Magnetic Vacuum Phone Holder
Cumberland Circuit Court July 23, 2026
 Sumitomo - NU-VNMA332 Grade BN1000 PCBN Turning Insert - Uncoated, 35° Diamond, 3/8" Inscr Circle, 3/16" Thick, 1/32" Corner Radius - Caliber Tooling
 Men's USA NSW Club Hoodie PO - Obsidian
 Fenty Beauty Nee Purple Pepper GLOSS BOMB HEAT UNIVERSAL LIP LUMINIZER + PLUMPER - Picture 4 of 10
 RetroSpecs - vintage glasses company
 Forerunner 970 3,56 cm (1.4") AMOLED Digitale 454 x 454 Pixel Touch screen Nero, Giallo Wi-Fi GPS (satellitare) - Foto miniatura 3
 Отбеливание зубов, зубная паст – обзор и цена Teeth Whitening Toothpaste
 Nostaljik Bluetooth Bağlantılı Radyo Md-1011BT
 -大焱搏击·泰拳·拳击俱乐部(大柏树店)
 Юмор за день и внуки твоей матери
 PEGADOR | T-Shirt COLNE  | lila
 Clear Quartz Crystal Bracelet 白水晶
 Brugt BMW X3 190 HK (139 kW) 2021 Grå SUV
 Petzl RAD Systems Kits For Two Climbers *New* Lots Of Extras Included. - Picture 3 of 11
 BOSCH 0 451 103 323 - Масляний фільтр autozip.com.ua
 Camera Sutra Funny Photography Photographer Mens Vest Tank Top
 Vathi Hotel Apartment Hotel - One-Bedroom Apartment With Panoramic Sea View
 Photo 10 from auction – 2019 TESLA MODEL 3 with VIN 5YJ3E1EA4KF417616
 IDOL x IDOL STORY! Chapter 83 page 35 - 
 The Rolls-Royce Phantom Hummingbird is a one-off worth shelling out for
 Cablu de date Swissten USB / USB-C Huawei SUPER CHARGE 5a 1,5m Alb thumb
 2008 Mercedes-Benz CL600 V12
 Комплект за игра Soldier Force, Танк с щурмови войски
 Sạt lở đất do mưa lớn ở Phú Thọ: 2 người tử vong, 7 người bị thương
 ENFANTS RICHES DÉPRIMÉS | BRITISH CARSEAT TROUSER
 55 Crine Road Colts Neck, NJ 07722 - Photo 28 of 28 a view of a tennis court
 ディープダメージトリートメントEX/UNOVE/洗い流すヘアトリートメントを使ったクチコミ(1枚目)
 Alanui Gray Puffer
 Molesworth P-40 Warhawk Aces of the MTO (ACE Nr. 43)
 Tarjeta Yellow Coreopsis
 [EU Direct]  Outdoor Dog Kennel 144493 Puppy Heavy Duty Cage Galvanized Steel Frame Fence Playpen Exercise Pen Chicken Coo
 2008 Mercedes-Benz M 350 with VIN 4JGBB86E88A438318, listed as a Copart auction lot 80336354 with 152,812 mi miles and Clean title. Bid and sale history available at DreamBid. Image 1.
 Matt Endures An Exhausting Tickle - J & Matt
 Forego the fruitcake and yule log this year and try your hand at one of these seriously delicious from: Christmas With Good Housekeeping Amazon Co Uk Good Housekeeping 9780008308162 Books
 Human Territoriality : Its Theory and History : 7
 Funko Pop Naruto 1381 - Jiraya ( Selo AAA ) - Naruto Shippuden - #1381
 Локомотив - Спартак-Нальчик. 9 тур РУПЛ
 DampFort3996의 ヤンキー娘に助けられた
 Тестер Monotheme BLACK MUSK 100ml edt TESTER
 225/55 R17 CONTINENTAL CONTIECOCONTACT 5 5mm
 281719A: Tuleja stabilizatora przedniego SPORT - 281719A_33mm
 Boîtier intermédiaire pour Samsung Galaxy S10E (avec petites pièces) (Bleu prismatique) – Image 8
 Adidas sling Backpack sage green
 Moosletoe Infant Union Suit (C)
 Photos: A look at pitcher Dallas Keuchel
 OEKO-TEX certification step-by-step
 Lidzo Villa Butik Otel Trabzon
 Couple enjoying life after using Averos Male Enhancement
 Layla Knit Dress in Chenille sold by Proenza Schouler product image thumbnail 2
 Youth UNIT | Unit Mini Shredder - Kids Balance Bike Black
□ □ □ □ □
[Exercise requirements]
From the listing above, repeat exactly the lines starting at the line that includes "Отбеливание зубов, зубная" and ending at the line that includes "Moosletoe Infant Union Suit (C)", with nothing outside that span.

[Task response]
 Отбеливание зубов, зубная паст – обзор и цена Teeth Whitening Toothpaste
 Nostaljik Bluetooth Bağlantılı Radyo Md-1011BT
 -大焱搏击·泰拳·拳击俱乐部(大柏树店)
 Юмор за день и внуки твоей матери
 PEGADOR | T-Shirt COLNE  | lila
 Clear Quartz Crystal Bracelet 白水晶
 Brugt BMW X3 190 HK (139 kW) 2021 Grå SUV
 Petzl RAD Systems Kits For Two Climbers *New* Lots Of Extras Included. - Picture 3 of 11
 BOSCH 0 451 103 323 - Масляний фільтр autozip.com.ua
 Camera Sutra Funny Photography Photographer Mens Vest Tank Top
 Vathi Hotel Apartment Hotel - One-Bedroom Apartment With Panoramic Sea View
 Photo 10 from auction – 2019 TESLA MODEL 3 with VIN 5YJ3E1EA4KF417616
 IDOL x IDOL STORY! Chapter 83 page 35 - 
 The Rolls-Royce Phantom Hummingbird is a one-off worth shelling out for
 Cablu de date Swissten USB / USB-C Huawei SUPER CHARGE 5a 1,5m Alb thumb
 2008 Mercedes-Benz CL600 V12
 Комплект за игра Soldier Force, Танк с щурмови войски
 Sạt lở đất do mưa lớn ở Phú Thọ: 2 người tử vong, 7 người bị thương
 ENFANTS RICHES DÉPRIMÉS | BRITISH CARSEAT TROUSER
 55 Crine Road Colts Neck, NJ 07722 - Photo 28 of 28 a view of a tennis court
 ディープダメージトリートメントEX/UNOVE/洗い流すヘアトリートメントを使ったクチコミ(1枚目)
 Alanui Gray Puffer
 Molesworth P-40 Warhawk Aces of the MTO (ACE Nr. 43)
 Tarjeta Yellow Coreopsis
 [EU Direct]  Outdoor Dog Kennel 144493 Puppy Heavy Duty Cage Galvanized Steel Frame Fence Playpen Exercise Pen Chicken Coo
 2008 Mercedes-Benz M 350 with VIN 4JGBB86E88A438318, listed as a Copart auction lot 80336354 with 152,812 mi miles and Clean title. Bid and sale history available at DreamBid. Image 1.
 Matt Endures An Exhausting Tickle - J & Matt
 Forego the fruitcake and yule log this year and try your hand at one of these seriously delicious from: Christmas With Good Housekeeping Amazon Co Uk Good Housekeeping 9780008308162 Books
 Human Territoriality : Its Theory and History : 7
 Funko Pop Naruto 1381 - Jiraya ( Selo AAA ) - Naruto Shippuden - #1381
 Локомотив - Спартак-Нальчик. 9 тур РУПЛ
 DampFort3996의 ヤンキー娘に助けられた
 Тестер Monotheme BLACK MUSK 100ml edt TESTER
 225/55 R17 CONTINENTAL CONTIECOCONTACT 5 5mm
 281719A: Tuleja stabilizatora przedniego SPORT - 281719A_33mm
 Boîtier intermédiaire pour Samsung Galaxy S10E (avec petites pièces) (Bleu prismatique) – Image 8
 Adidas sling Backpack sage green
 Moosletoe Infant Union Suit (C)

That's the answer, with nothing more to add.